Seattle has seen a surge in the share of youth “who say they cannot stop or control their anxiety, who feel so sad and hopeless they stop doing the activities they used to love, who are considering suicide,” or made plans to take their lives or attempted suicide, the suit said.
Outside Philadelphia, officials in Bucks County filed suit Tuesday against the social media companies, laying out a similar case. It’s not because they are against social media, said Commission Chair Bob Harvie — who points out the county itself has used TikTok — but rather that the algorithms that get teens to “keep looking, keep focusing, keep scrolling” take a toll on kids’ mental health.
“The way we look at it, it’s not unlike the way cigarette companies used to manipulate nicotine levels to make sure that people kept smoking,” Harvie said. “… Our number one priority is just to get the behavior of these companies to change.”

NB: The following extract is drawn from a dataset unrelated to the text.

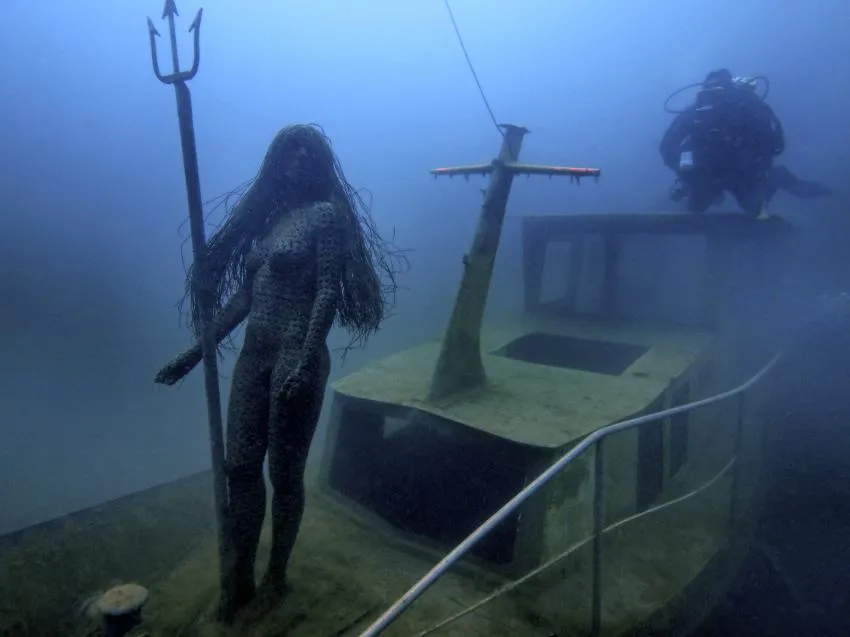 Statue mit Dreizack auf einem versunkenen Boot, dahinter ein Taucher im trüben Wasser.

School districts are generally seeking that the conduct of social media companies be declared a public nuisance, that their practices change and that damages be paid to fund prevention, education and treatment for excessive and problematic use of social media.
The 109-page lawsuit on behalf of Bucks County highlights worsening mental health data, saying the problems have “advanced in lockstep with the growth of social media platforms deliberately designed to attract and addict youth to the platforms by amplifying harmful material, dosing users with dopamine hits, and thereby driving youth engagement and advertising revenue.”

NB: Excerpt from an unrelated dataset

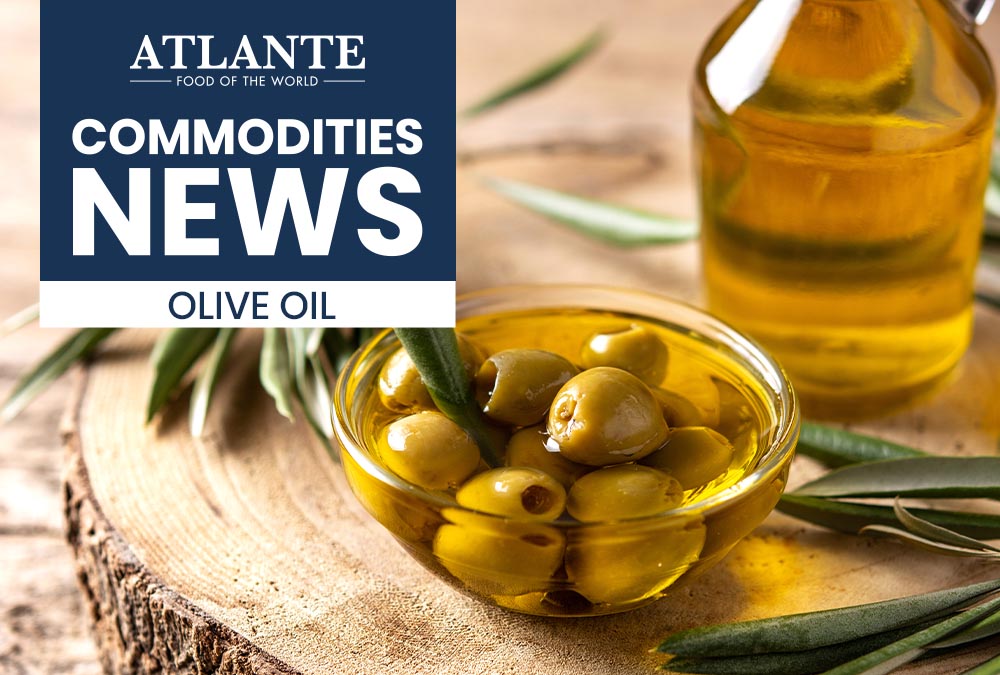 Bottles of Italian and Spanish extra virgin olive oil, key players in the global market amidst climate challenges and production growth.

Later, it says social apps “hijack a tween and teen compulsion – to connect – that can be even more powerful than hunger or greed.”

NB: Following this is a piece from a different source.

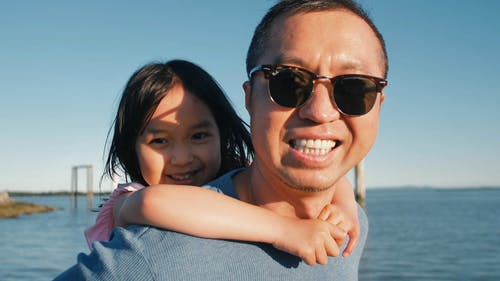 戴墨镜的爸爸抱着他可爱的女儿 · 免费素材视频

In northern New Jersey, the School District of the Chathams has invested increasing resources over the years to help students struggling with anxiety, depression and suicidal thoughts, said attorney Michael Innes, whose firm is representing the district in its litigation filed in mid February. The firm filed a similar action for another New Jersey school district, Irvington Public Schools, in early March.
“We’ve spoken to school districts that have made a decision between spending on mental health and spending on classroom education,” Innes said.
For Richard Weissbourd, a psychologist and senior lecturer at Harvard’s Graduate School of Education, the lawsuits may make a lot of sense but parents, coaches and others involved in teens’ lives need to become more effective in talking to adolescents about the benefits and hazards of social media.
One problem, Weissbourd said, is that many parents are preoccupied with their own devices. In recent research, he said, many teens reported that their primary caregiver was using a smartphone or computer at times when they wanted help or to be together.
Marisol Garcia, a staff therapist at the Family Institute at Northwestern University, said social media can be a powerful means of connection but the downsides are significant too. She was not surprised schools have begun filing lawsuits, saying they want to do what they think is good for their students’ mental and physical health.
The long-term ramifications of social media use — on attention span, social skills, mental health — are unclear, she said. The legal action, she said, “could be a positive thing.”